I often notice that in many (not all) discussions about utility functions, one side is "for" their relevance, while others tend to be "against" their usefulness, without explicitly saying what they mean. I don't think this is causing any deep confusions among researchers here, but I'd still like to take a stab at disambiguating some of this, if nothing else for my own sake. Here are some distinct (albeit related) ways that utility functions can come up in AI safety, in terms of what assumptions/hypotheses they give rise to:
AGI utility hypothesis: The first AGI will behave as if it is maximizing some utility function
ASI utility hypothesis: As AI capabilities improve well beyond human-level, it will behave more and more as if it is maximizing some utility function (or will have already reached that ideal earlier and stayed there)
Human utility hypothesis: Even though in some experimental contexts humans seem to not even be particularly goal-directed, utility functions are often a useful model of human preferences to use in AI safety research
Coherent Extrapolated Volition (CEV) hypothesis: For a given human H, there exists some utility function V such that if H is given the appropriate time/resources for reflection, H's values would converge to V
Some points to be made:
- The "Goals vs Utility Functions" chapter of Rohin's Value Learning sequence, and the resulting discussion focused on differing intuitions about the AGI and ASI utility hypotheses.
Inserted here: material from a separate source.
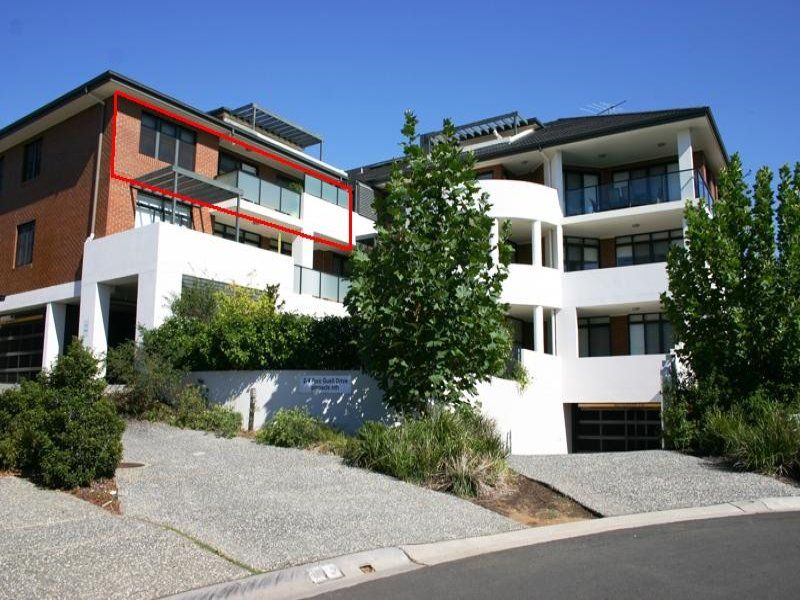 Real Estate For Sale 204/24 Parc Guell Drive Campbelltown , NSW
Specifically, the main post there pointed out that seemingly anything can be trivially modeled as being a "utility maximizer" (further discussion here), whereas only some intelligent agents can be described as being "goal-directed" (as defined in this post), and the latter is a more useful concept for reasoning about AI safety.
- AGI utility doesn't logically imply ASI utility, but I'd be surprised if anyone thinks it's very plausible for the former to be true while the latter fails. In particular, the coherence arguments and other pressures that move agents toward VNM seem to roughly scale with capabilities. A plausible stance could be that we should expect most ASIs to hew close to the VNM ideal, but these pressures aren't quite so overwhelming at the AGI level; in particular, humans are fairly goal-directed but only "partially" VNM, so the goal-directedness pressures on an AGI will likely be at this order of magnitude. Depending on takeoff speeds, we might get many years to try aligning AGIs at this level of goal-directedness, which seems less dangerous than playing sorcerer's apprentice with VNM-based AGIs at the same level of capability.(Note: I might be reifying VNM here too much, in thinking of things having a measure of "goal-directedness" with "very goal-directed" approximating VNM. But this basic picture could be wrong in all sorts of ways.)
- The human utility hypothesis is much more vague than the others, and seems ultimately context-dependent. To my knowledge, the main argument in its favor is the fact that most of economics is founded on it. On the other hand, behavioral economists have formulated models like prospect theory for when greater precision is required than the simplistic VNM model gives, not to mention the cases where it breaks down more drastically. I haven't seen prospect theory used in AI safety research; I'm not sure if this reflects more a) the size of the field and the fact that few researchers have had much need to explicitly model human preferences, or b) that we don't need to model humans more than superficially. since this kind of research is still at a very early theoretical stage with all sorts of real-world error terms abounding.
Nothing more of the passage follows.